Task item
Will you transcribe all the entries word for word, skipping the pictures they hold?

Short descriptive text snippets
**********

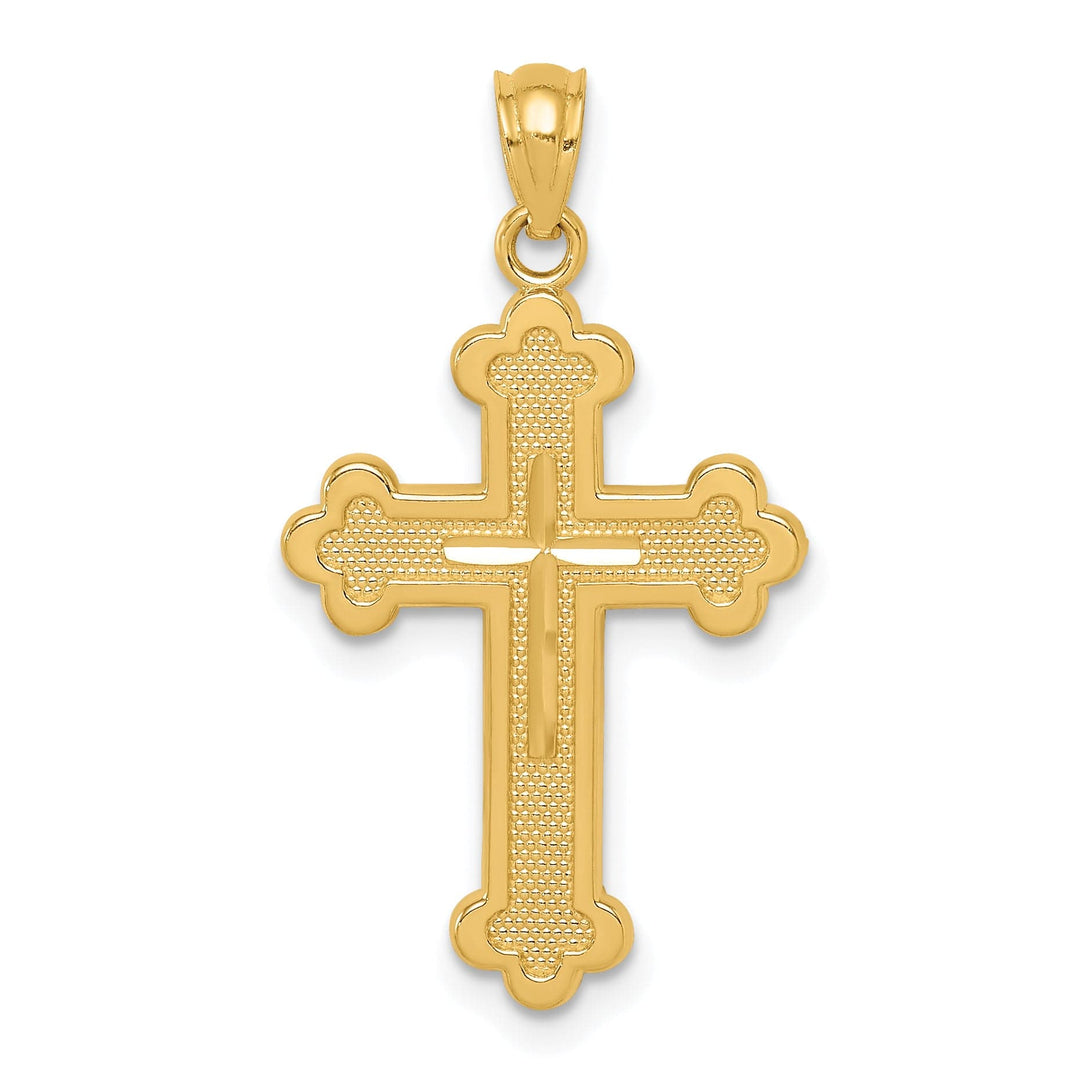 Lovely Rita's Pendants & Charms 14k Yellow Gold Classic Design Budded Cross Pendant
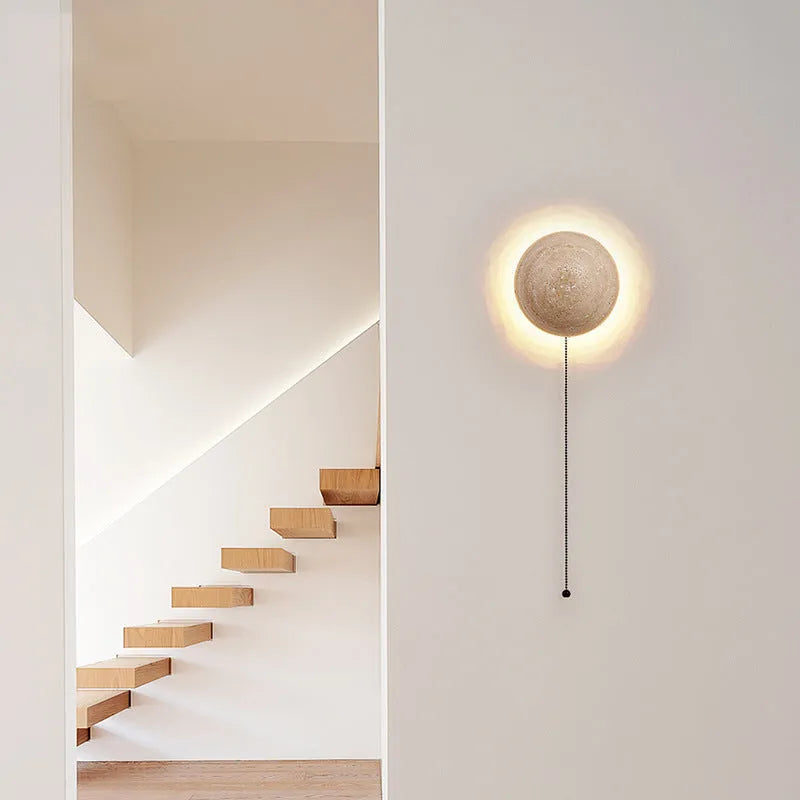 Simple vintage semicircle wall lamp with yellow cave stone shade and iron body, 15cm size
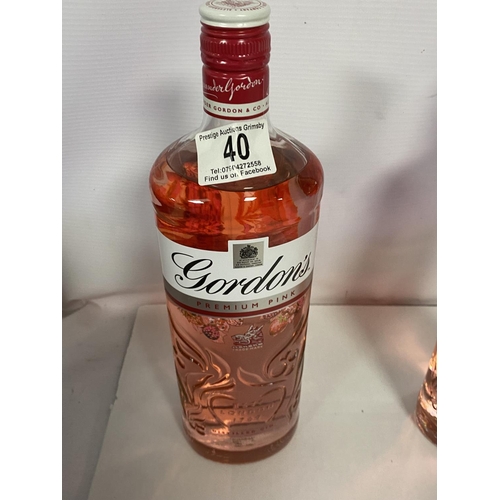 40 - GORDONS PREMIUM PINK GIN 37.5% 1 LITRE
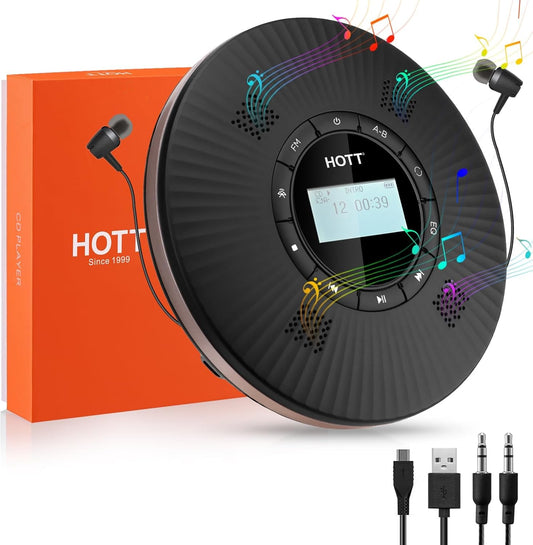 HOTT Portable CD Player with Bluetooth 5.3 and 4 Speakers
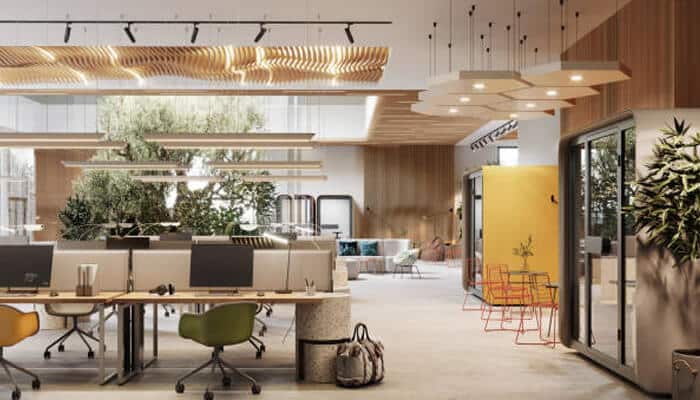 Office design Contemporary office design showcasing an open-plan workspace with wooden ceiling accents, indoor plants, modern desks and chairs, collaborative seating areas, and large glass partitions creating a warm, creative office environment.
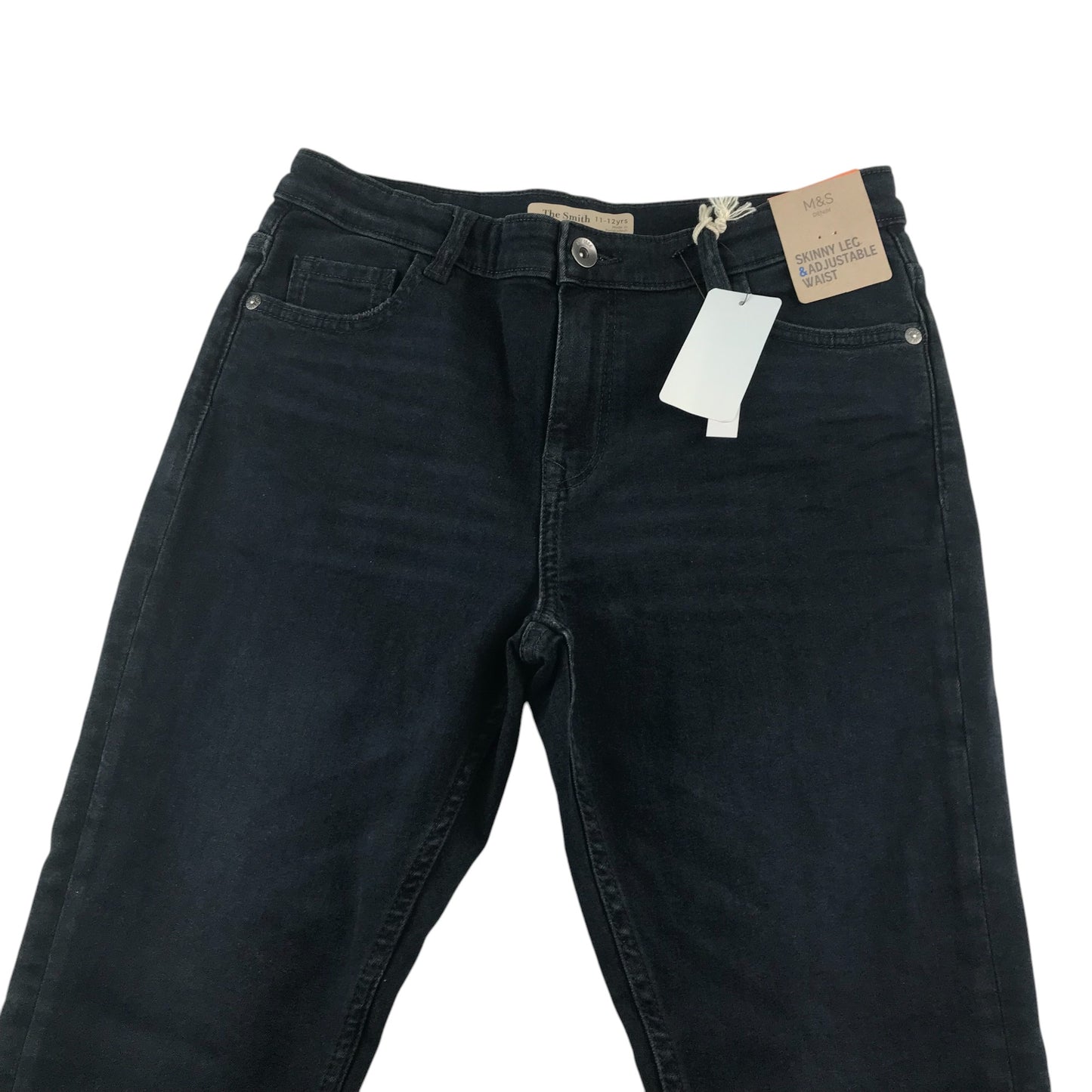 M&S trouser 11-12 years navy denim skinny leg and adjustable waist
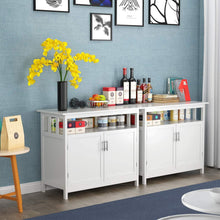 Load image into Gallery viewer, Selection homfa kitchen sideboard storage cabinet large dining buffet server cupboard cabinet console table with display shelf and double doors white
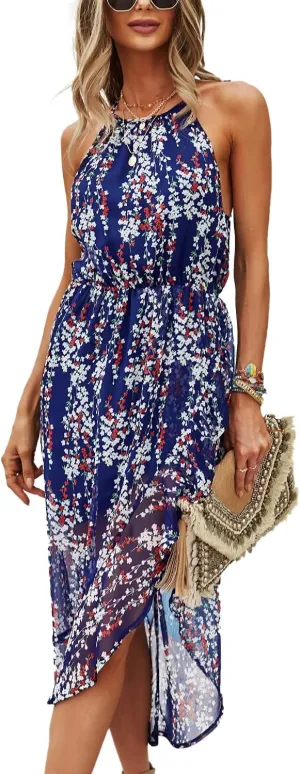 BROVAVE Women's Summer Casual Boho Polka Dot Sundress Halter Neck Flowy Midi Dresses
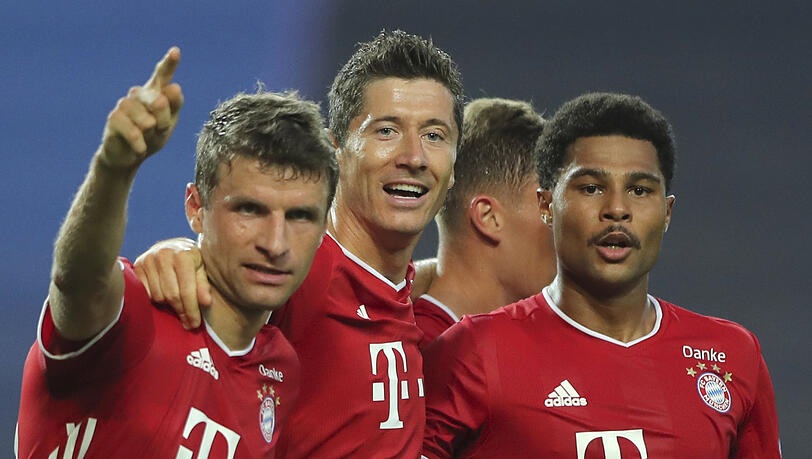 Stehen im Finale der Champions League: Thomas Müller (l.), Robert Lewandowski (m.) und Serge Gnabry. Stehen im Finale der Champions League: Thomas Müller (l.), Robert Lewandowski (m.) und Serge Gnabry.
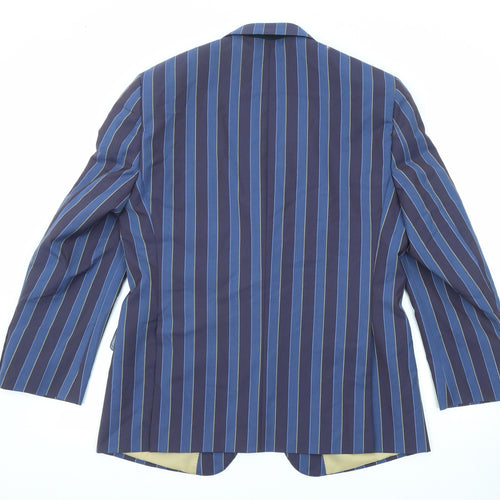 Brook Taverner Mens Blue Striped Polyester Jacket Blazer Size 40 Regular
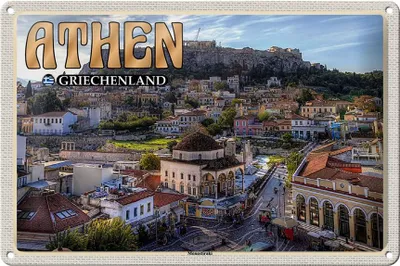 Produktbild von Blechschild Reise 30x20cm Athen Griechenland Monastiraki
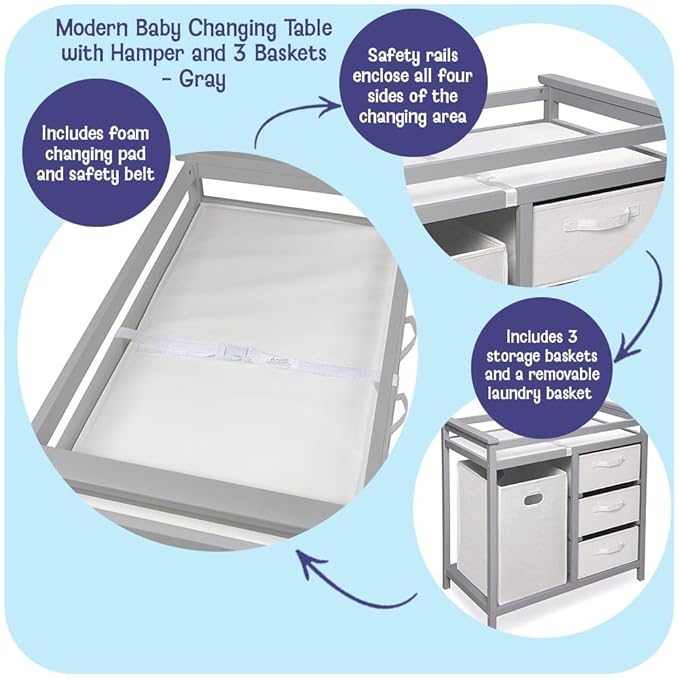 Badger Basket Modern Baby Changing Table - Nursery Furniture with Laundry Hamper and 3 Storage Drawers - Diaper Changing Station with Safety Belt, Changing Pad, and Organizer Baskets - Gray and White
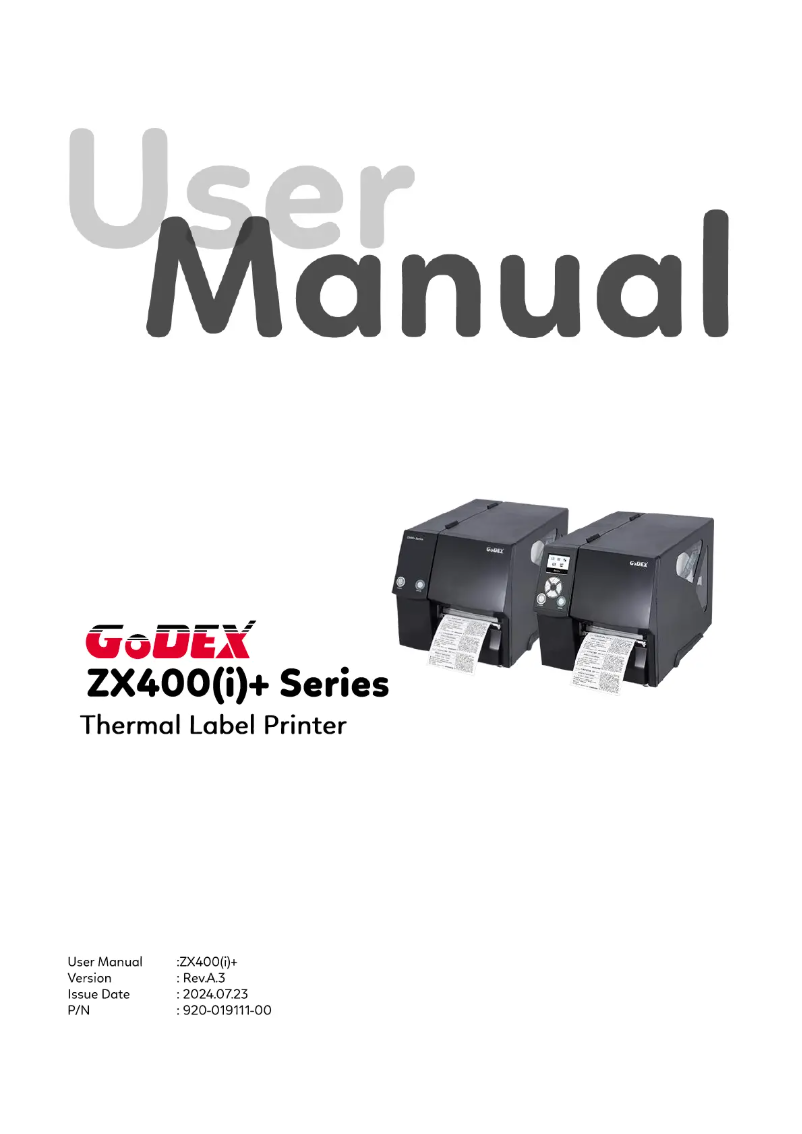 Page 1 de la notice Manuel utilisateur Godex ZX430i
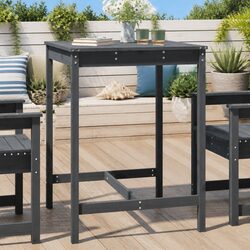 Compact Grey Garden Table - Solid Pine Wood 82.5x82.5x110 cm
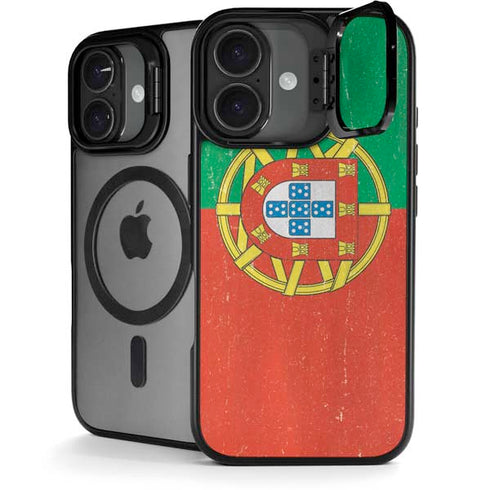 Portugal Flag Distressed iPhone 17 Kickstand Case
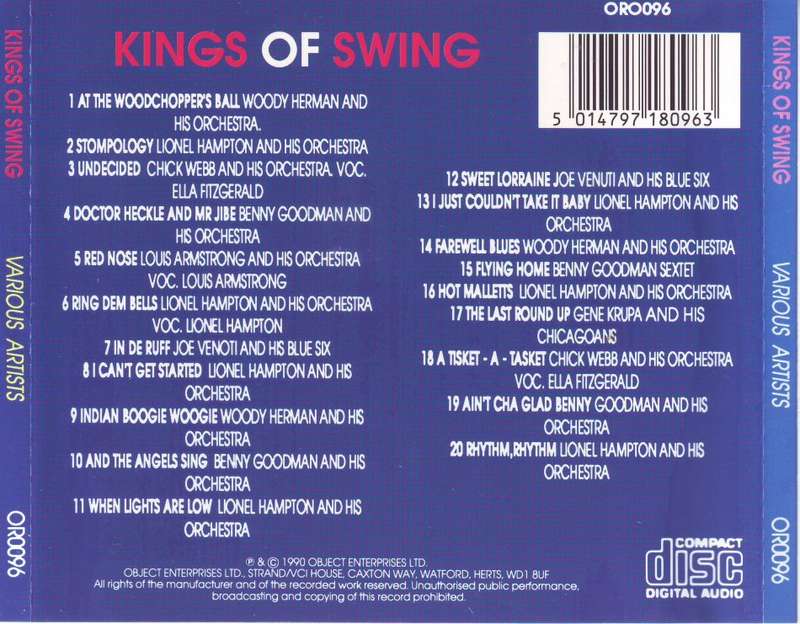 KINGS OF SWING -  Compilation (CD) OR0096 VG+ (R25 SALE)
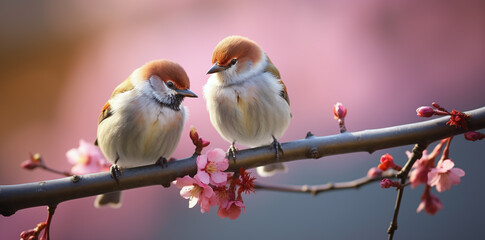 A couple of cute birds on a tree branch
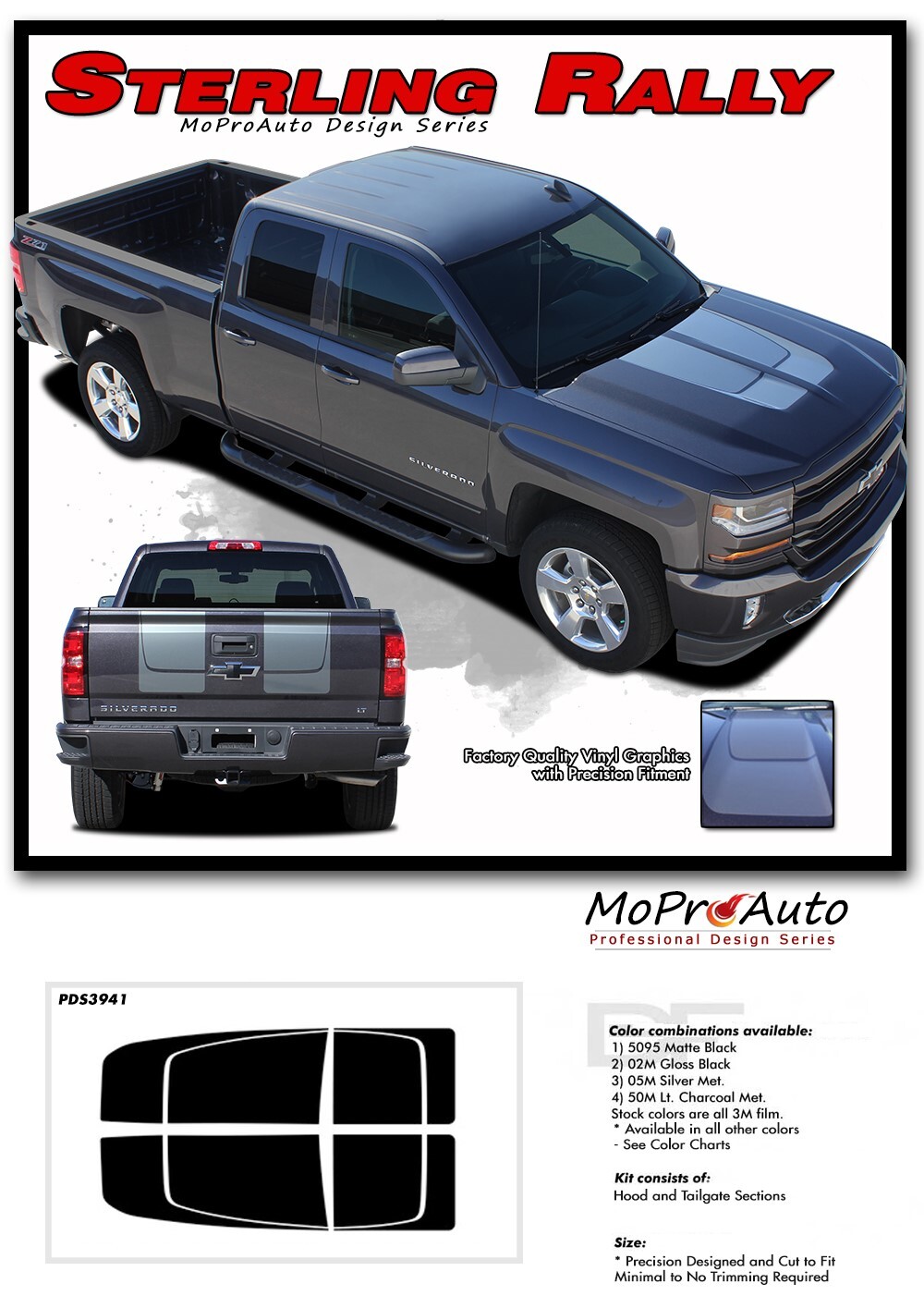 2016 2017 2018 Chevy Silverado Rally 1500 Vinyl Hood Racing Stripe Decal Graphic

**********

Answer box
 Lovely Rita's Pendants & Charms 14k Yellow Gold Classic Design Budded Cross Pendant
 Simple vintage semicircle wall lamp with yellow cave stone shade and iron body, 15cm size
 40 - GORDONS PREMIUM PINK GIN 37.5% 1 LITRE
 HOTT Portable CD Player with Bluetooth 5.3 and 4 Speakers
 Office design Contemporary office design showcasing an open-plan workspace with wooden ceiling accents, indoor plants, modern desks and chairs, collaborative seating areas, and large glass partitions creating a warm, creative office environment.
 M&S trouser 11-12 years navy denim skinny leg and adjustable waist
 Load image into Gallery viewer, Selection homfa kitchen sideboard storage cabinet large dining buffet server cupboard cabinet console table with display shelf and double doors white
 BROVAVE Women's Summer Casual Boho Polka Dot Sundress Halter Neck Flowy Midi Dresses
 Stehen im Finale der Champions League: Thomas Müller (l.), Robert Lewandowski (m.) und Serge Gnabry. Stehen im Finale der Champions League: Thomas Müller (l.), Robert Lewandowski (m.) und Serge Gnabry.
 Brook Taverner Mens Blue Striped Polyester Jacket Blazer Size 40 Regular
 Produktbild von Blechschild Reise 30x20cm Athen Griechenland Monastiraki
 Badger Basket Modern Baby Changing Table - Nursery Furniture with Laundry Hamper and 3 Storage Drawers - Diaper Changing Station with Safety Belt, Changing Pad, and Organizer Baskets - Gray and White
 Page 1 de la notice Manuel utilisateur Godex ZX430i
 Compact Grey Garden Table - Solid Pine Wood 82.5x82.5x110 cm
 Portugal Flag Distressed iPhone 17 Kickstand Case
 KINGS OF SWING -  Compilation (CD) OR0096 VG+ (R25 SALE)
 A couple of cute birds on a tree branch
 2016 2017 2018 Chevy Silverado Rally 1500 Vinyl Hood Racing Stripe Decal Graphic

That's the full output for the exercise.